-- MATERIAL SHOWN follows --
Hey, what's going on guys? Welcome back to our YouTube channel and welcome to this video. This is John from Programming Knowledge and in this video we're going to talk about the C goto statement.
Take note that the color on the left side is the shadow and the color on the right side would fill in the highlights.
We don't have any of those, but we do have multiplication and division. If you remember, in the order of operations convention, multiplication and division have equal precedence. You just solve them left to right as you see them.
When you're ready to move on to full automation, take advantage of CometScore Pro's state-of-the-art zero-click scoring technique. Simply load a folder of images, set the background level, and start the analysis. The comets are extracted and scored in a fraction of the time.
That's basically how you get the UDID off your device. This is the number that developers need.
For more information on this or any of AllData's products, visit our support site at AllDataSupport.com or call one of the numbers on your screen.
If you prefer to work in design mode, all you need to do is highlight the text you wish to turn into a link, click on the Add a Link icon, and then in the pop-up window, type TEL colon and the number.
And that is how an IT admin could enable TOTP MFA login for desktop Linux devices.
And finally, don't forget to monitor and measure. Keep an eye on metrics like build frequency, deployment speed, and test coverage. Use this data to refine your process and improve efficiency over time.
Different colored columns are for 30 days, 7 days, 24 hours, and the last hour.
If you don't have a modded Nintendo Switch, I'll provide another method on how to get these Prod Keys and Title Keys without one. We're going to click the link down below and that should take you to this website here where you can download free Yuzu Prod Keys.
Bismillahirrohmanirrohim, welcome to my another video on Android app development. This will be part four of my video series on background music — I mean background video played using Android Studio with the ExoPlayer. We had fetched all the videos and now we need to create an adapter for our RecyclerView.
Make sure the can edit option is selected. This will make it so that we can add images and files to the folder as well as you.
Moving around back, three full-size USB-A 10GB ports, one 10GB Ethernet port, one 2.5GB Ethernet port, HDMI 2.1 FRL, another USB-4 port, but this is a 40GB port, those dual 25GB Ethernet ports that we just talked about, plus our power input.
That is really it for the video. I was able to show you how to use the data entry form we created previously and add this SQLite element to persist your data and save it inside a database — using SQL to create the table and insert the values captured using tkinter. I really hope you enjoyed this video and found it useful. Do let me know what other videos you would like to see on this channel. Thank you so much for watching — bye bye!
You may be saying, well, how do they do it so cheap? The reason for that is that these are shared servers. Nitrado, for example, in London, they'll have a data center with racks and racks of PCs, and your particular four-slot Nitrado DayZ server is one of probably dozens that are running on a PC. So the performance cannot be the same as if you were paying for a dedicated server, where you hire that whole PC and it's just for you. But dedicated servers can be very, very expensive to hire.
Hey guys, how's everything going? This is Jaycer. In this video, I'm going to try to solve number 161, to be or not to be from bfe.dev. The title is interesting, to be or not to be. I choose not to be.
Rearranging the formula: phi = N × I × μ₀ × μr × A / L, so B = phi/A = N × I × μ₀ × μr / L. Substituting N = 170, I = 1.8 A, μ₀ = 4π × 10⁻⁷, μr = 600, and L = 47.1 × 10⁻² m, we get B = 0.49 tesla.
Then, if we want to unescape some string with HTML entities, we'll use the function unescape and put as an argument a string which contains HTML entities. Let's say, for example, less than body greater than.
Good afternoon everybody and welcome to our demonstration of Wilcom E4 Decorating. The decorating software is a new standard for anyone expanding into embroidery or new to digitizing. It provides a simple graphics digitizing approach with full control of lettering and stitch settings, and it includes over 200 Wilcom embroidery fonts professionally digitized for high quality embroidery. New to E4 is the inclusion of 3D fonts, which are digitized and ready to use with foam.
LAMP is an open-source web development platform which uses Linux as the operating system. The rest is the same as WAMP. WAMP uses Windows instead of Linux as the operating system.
-- MATERIAL SHOWN concluded --
EXERCISE INSTRUCTIONS: Pull every line holding "using" out of the records.

TASK SOLUTION:
Bismillahirrohmanirrohim, welcome to my another video on Android app development. This will be part four of my video series on background music — I mean background video played using Android Studio with the ExoPlayer. We had fetched all the videos and now we need to create an adapter for our RecyclerView.
That is really it for the video. I was able to show you how to use the data entry form we created previously and add this SQLite element to persist your data and save it inside a database — using SQL to create the table and insert the values captured using tkinter. I really hope you enjoyed this video and found it useful. Do let me know what other videos you would like to see on this channel. Thank you so much for watching — bye bye!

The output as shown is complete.